Give me a day with temperatures under 80 and you will find me polishing up my boots, dragging out my scarves, and pulling out the fall recipes!
With fall just around the corner, my mind is on chili and soup, pumpkin and apples. Have you noticed how pumpkin spice products have taken over the nation? Because of “superfans,” Starbucks began offering their pumpkin spice lattes early this year. One fan, in particular, was delighted. That is Wesley’s girlfriend, Ashley. She is as crazy about pumpkin spice as I am about apples.
Just in time for fall, I want to share this fabulous cream cheese spread. Not only is this fantastic Pumpkin Spice Spread yummy on a warm toasted bagel, but it’s also delicious stuffed inside French toast.

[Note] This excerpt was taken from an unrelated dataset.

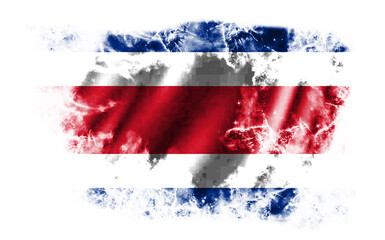 White background with torn flag of Costa Rica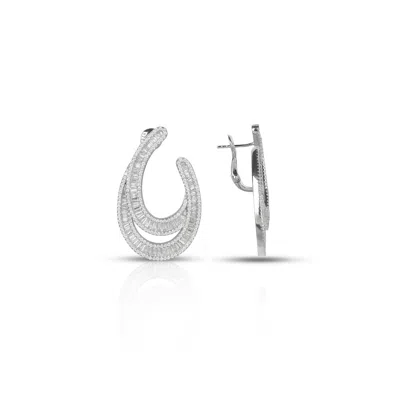 Ep Designs Women's Silver Baguette  Earring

I am also including the recipe for homemade Pumpkin Pie Spice. This combination of warm, fragrant spices is great to keep on hand this time of the year. It is simple to make, and any well-stocked spice cabinet will include all of the ingredients.

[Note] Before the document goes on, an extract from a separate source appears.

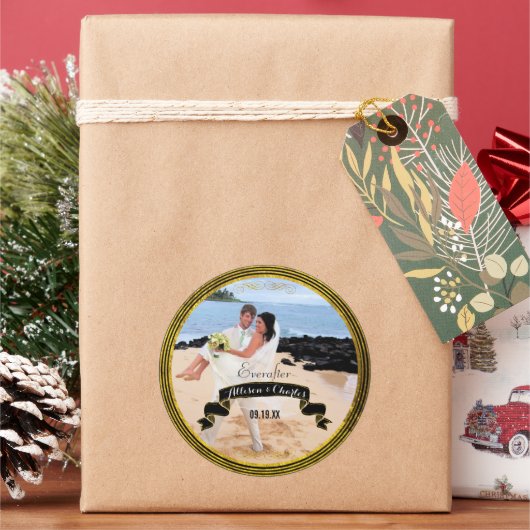 黒金ゴールド薄ストライプい複数結婚の写真 ラウンドシール (クリスマス)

- 8 oz. cream cheese, softened
- ¼ c. canned pumpkin puree
- 2½ tbsp. brown sugar, packed
- 1½ tsp. pumpkin pie spice blend, or more to taste
- ¼ c. finely chopped pecans, lightly toasted
- 1 tsp. vanilla extract
- In a medium bowl combine the cream cheese, pumpkin, brown sugar, spice blend,pecans, and vanilla with an electric mixer. Mix until mixed well and smooth. Transfer to an airtight container and store in the refrigerator.
- 1½ tbsp. ground cinnamon
- 1 tsp. ground ginger
- 1 tsp. ground nutmeg
- ¾ tsp. allspice
- ¾ tsp. tsp. ground cloves
- Mix all of the spices together in a small bowl. For convenient storage, pour into a small glass jar.